### Instructions to follow:
Set out exactly, and only, the lines running from the one containing "used 2021 Audi A4 car, priced at $20,800" to the bottom of the listing below; pictures stay out.

### Task input:
.....

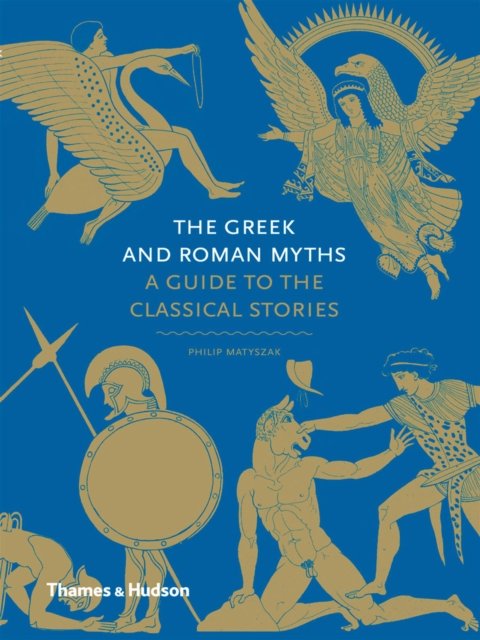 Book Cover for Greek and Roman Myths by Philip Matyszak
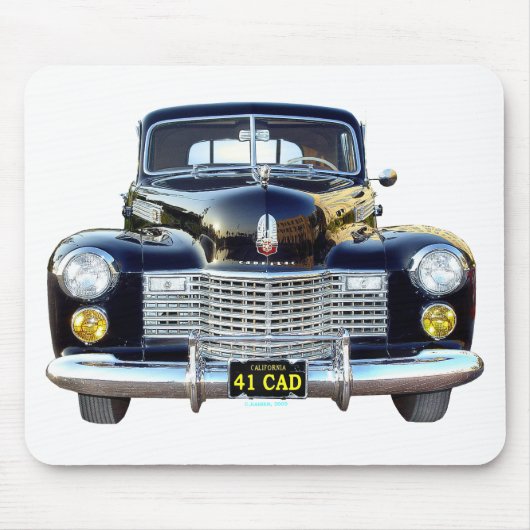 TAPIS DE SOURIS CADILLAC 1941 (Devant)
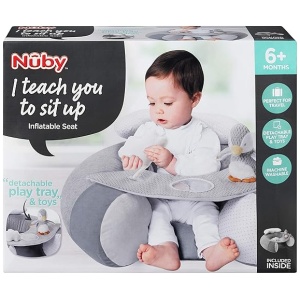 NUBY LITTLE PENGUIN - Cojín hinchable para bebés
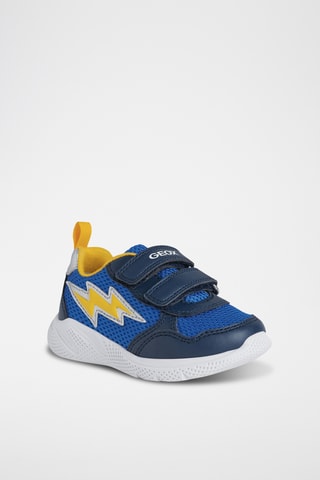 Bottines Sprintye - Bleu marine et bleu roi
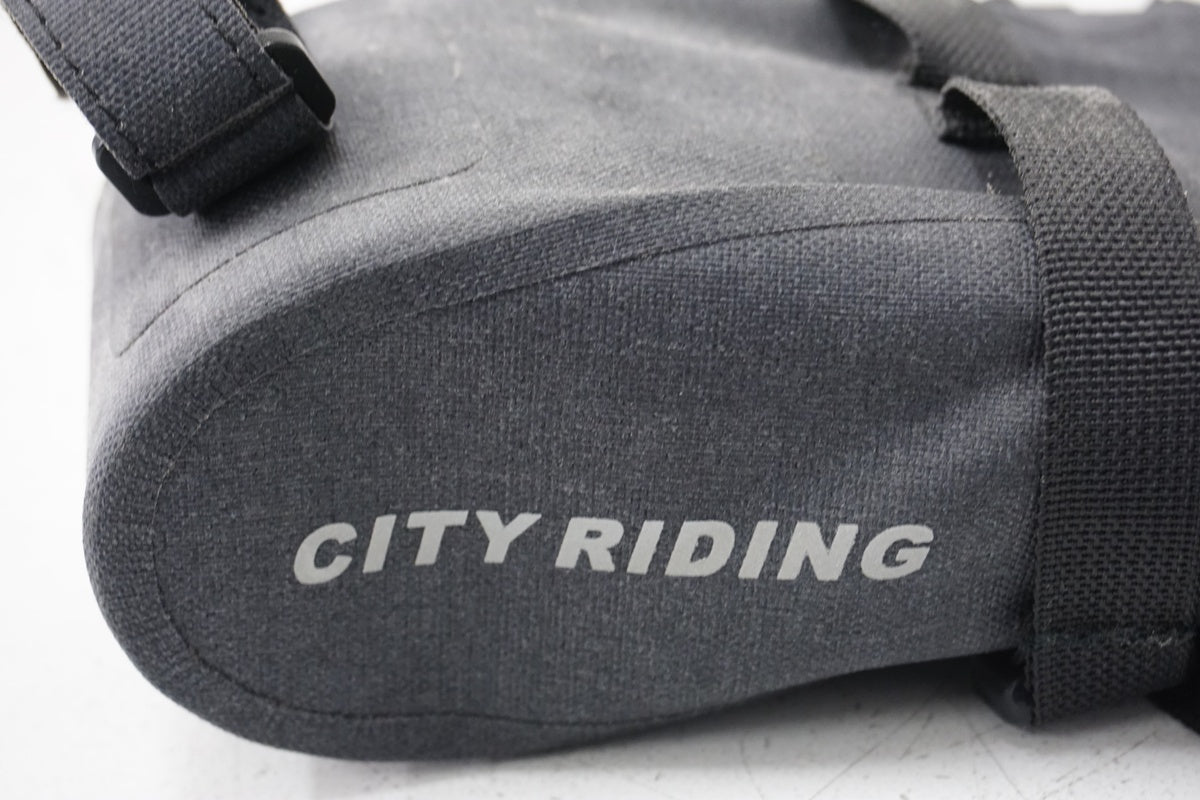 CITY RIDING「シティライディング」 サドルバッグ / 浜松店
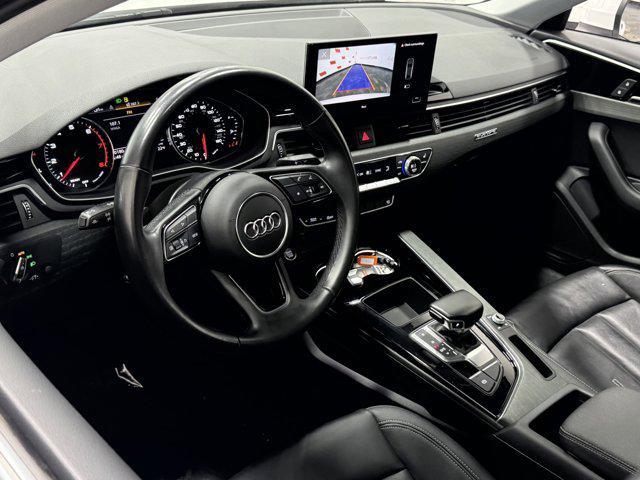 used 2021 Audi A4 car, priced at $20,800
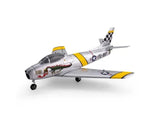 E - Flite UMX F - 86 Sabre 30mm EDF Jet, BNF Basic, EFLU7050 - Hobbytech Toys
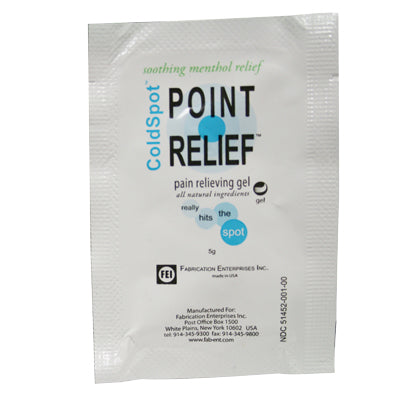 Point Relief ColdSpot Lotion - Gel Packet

.....

### Solved exercise:
 used 2021 Audi A4 car, priced at $20,800
 E - Flite UMX F - 86 Sabre 30mm EDF Jet, BNF Basic, EFLU7050 - Hobbytech Toys
 Point Relief ColdSpot Lotion - Gel Packet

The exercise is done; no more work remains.